The new "safe and reliable" leadership appears to refer BP's CEO Tony Hayward, who took the reigns from long-standing CEO John Browne in May 2007.

But reports show BP has a long track record of egregious safety violations that continued under Hayward's watch. An analysis by the Center for Public Integrity found BP refineries produced 97 percent of all flagrant violations reported in the refining industry over the past three years. Jim Morris and MB Pell report:
BP received a total of 862 citations between June 2007 and February 2010 for alleged violations at its refineries in Texas City and Toledo, Ohio. 
Of those, 760 were classified as "egregious willful" and 69 were classified as "willful." Thirty of the BP citations were deemed "serious" and three were unclassified. Virtually all of the citations were for alleged violations of OSHA's process safety management standard, a sweeping rule governing everything from storage of flammable liquids to emergency shutdown systems.

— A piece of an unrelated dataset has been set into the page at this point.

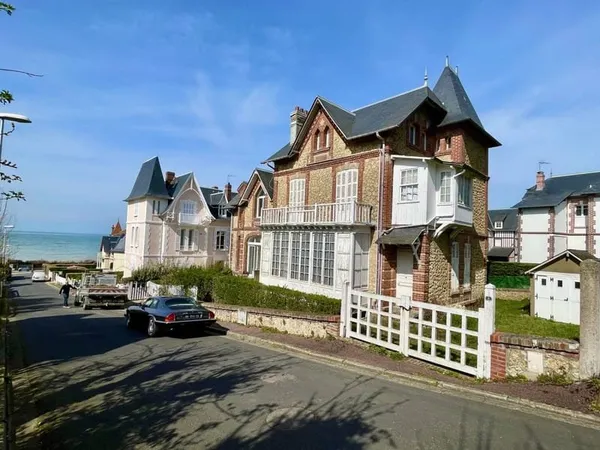 Maison 8 pièces 150 m²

BP accounted for 829 of the 851 willful violations among all refiners cited by OSHA during the period analyzed by the Center.

Top OSHA officials told the Center in an interview that BP was cited for more egregious willful violations than other refiners because it failed to correct the types of problems that led to the 2005 Texas City accident even after OSHA pointed them out. In Toledo, problems were corrected in one part of the refinery but went unaddressed in another. Jordan Barab, deputy assistant secretary of labor for occupational safety and health, said it was clear that BP "didn't go nearly far enough" to correct deficiencies after the 2005 blast.

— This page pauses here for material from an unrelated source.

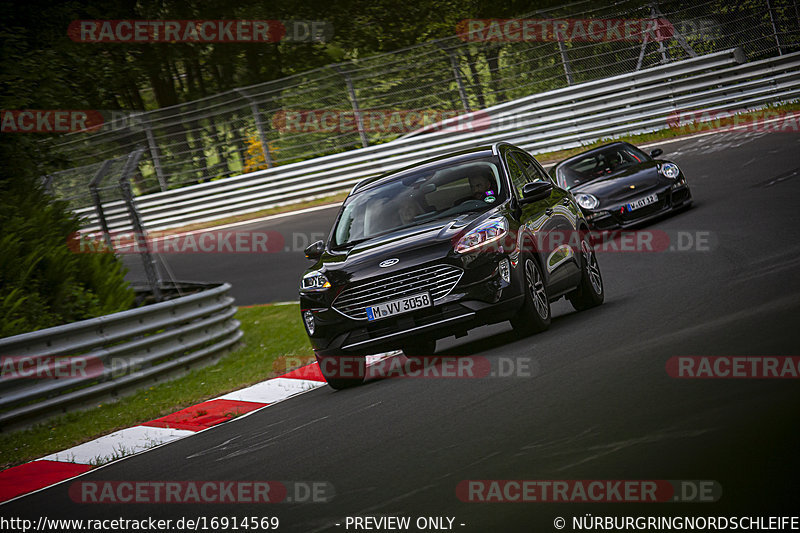 Bild #16914569 - Touristenfahrten Nürburgring Nordschleife (21.05.2022)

"The only thing you can conclude is that BP has a serious, systemic safety problem in their company," Barab said.
In the wake of these citations, BP has been sued for problems ranging from a giant oil spill in the Alaskan arctic tundra to dozens of safety violations at an oil refinery in Ohio. Many of the violations happened under Hayward's tenure.

In 2007, BP paid nearly $21 million to U.S. officials for multiple safety violations and reckless behavior. Much of that sum was paid in October of that year, when BP plead guilty to a misdemeanor violation of the Clean Water Act; the company agreed to serve three years probation, pay $4 million to the National Fish and Wildlife Foundation to support research and activities on the North Slope, pay $4 million in restitution to the State of Alaska, and pay a $12 million fine for spilling 200,000 gallons of crude oil onto the Alaskan tundra in March 2006. The same month, BP was also sued for $41,000 by the Minerals Management Service for various safety violations and paid a $6,350 fine for failing to perform adequate corrosion protection inspections at three underground gasoline storage tanks. In June 2007, the Michigan Department of Environmental Quality fined BP another $869,150 for leaking underground gasoline storage tanks.

CEO Tony Hayward came onboard in May 2007, but BP's safety record did not improve.

In 2009, OSHA fined BP a record $87 million for more than 700 safety violations at its Texas City refinery - a long 4 years after the explosion Dudley claims "shook the company up" in its approach to safety. OSHA determined that BP was in non-compliance with the settlement agreement, finding 270 "notifications of failure to abate" and 439 new willful violations.

In 2010, BP paid over $3 million in fines for 42 willful safety violations at its Ohio refinery.

That's not a standard record, even in the oil industry. Analysis by CPI shows that only one other refinery has received an "egregious willful" citation between June 2007 and February 2010 -- and that was a single citation, compared to BP's 760 during the same period.